[Excerpts from a dataset]
····················

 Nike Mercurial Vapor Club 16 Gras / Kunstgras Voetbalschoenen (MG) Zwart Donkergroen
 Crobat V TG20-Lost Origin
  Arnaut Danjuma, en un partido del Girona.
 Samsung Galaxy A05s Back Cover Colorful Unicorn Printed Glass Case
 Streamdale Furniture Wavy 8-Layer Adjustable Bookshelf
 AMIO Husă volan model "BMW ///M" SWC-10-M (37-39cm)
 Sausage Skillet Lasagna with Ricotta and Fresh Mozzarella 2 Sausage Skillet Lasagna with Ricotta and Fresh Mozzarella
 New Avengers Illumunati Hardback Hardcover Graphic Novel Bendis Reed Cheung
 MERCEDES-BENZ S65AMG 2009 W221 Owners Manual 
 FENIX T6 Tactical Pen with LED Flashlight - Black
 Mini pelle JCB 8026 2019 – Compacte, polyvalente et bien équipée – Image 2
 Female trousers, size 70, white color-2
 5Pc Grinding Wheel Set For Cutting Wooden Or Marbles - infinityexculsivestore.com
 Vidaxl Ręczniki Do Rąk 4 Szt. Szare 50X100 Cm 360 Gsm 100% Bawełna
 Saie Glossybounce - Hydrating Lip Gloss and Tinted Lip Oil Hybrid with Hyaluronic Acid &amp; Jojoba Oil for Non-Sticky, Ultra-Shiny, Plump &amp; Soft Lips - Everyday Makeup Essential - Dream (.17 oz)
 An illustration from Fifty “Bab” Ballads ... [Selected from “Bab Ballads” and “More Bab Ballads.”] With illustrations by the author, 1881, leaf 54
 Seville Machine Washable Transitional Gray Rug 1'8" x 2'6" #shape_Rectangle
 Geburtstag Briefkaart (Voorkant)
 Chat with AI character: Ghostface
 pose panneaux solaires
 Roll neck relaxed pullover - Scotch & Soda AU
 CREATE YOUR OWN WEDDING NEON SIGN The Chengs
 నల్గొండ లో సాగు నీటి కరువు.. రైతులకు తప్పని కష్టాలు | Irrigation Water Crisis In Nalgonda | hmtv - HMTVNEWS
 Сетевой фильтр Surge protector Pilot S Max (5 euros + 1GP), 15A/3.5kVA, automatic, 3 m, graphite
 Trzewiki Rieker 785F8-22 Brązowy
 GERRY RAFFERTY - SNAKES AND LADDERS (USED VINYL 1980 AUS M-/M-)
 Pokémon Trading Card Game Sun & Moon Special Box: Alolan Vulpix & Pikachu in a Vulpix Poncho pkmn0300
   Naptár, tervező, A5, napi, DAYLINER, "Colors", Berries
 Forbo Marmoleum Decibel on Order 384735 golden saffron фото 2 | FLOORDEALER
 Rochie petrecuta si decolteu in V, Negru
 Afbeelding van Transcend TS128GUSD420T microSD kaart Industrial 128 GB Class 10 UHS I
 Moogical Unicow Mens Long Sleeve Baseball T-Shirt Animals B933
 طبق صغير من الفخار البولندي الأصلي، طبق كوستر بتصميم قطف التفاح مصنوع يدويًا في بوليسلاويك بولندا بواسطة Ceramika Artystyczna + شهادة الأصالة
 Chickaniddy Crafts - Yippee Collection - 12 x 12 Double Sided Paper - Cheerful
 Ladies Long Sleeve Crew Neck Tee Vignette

····················

In full and unchanged, repeat the data above.

**RESPONSE FOR THIS EXERCISE**
 Nike Mercurial Vapor Club 16 Gras / Kunstgras Voetbalschoenen (MG) Zwart Donkergroen
 Crobat V TG20-Lost Origin
  Arnaut Danjuma, en un partido del Girona.
 Samsung Galaxy A05s Back Cover Colorful Unicorn Printed Glass Case
 Streamdale Furniture Wavy 8-Layer Adjustable Bookshelf
 AMIO Husă volan model "BMW ///M" SWC-10-M (37-39cm)
 Sausage Skillet Lasagna with Ricotta and Fresh Mozzarella 2 Sausage Skillet Lasagna with Ricotta and Fresh Mozzarella
 New Avengers Illumunati Hardback Hardcover Graphic Novel Bendis Reed Cheung
 MERCEDES-BENZ S65AMG 2009 W221 Owners Manual 
 FENIX T6 Tactical Pen with LED Flashlight - Black
 Mini pelle JCB 8026 2019 – Compacte, polyvalente et bien équipée – Image 2
 Female trousers, size 70, white color-2
 5Pc Grinding Wheel Set For Cutting Wooden Or Marbles - infinityexculsivestore.com
 Vidaxl Ręczniki Do Rąk 4 Szt. Szare 50X100 Cm 360 Gsm 100% Bawełna
 Saie Glossybounce - Hydrating Lip Gloss and Tinted Lip Oil Hybrid with Hyaluronic Acid &amp; Jojoba Oil for Non-Sticky, Ultra-Shiny, Plump &amp; Soft Lips - Everyday Makeup Essential - Dream (.17 oz)
 An illustration from Fifty “Bab” Ballads ... [Selected from “Bab Ballads” and “More Bab Ballads.”] With illustrations by the author, 1881, leaf 54
 Seville Machine Washable Transitional Gray Rug 1'8" x 2'6" #shape_Rectangle
 Geburtstag Briefkaart (Voorkant)
 Chat with AI character: Ghostface
 pose panneaux solaires
 Roll neck relaxed pullover - Scotch & Soda AU
 CREATE YOUR OWN WEDDING NEON SIGN The Chengs
 నల్గొండ లో సాగు నీటి కరువు.. రైతులకు తప్పని కష్టాలు | Irrigation Water Crisis In Nalgonda | hmtv - HMTVNEWS
 Сетевой фильтр Surge protector Pilot S Max (5 euros + 1GP), 15A/3.5kVA, automatic, 3 m, graphite
 Trzewiki Rieker 785F8-22 Brązowy
 GERRY RAFFERTY - SNAKES AND LADDERS (USED VINYL 1980 AUS M-/M-)
 Pokémon Trading Card Game Sun & Moon Special Box: Alolan Vulpix & Pikachu in a Vulpix Poncho pkmn0300
   Naptár, tervező, A5, napi, DAYLINER, "Colors", Berries
 Forbo Marmoleum Decibel on Order 384735 golden saffron фото 2 | FLOORDEALER
 Rochie petrecuta si decolteu in V, Negru
 Afbeelding van Transcend TS128GUSD420T microSD kaart Industrial 128 GB Class 10 UHS I
 Moogical Unicow Mens Long Sleeve Baseball T-Shirt Animals B933
 طبق صغير من الفخار البولندي الأصلي، طبق كوستر بتصميم قطف التفاح مصنوع يدويًا في بوليسلاويك بولندا بواسطة Ceramika Artystyczna + شهادة الأصالة
 Chickaniddy Crafts - Yippee Collection - 12 x 12 Double Sided Paper - Cheerful
 Ladies Long Sleeve Crew Neck Tee Vignette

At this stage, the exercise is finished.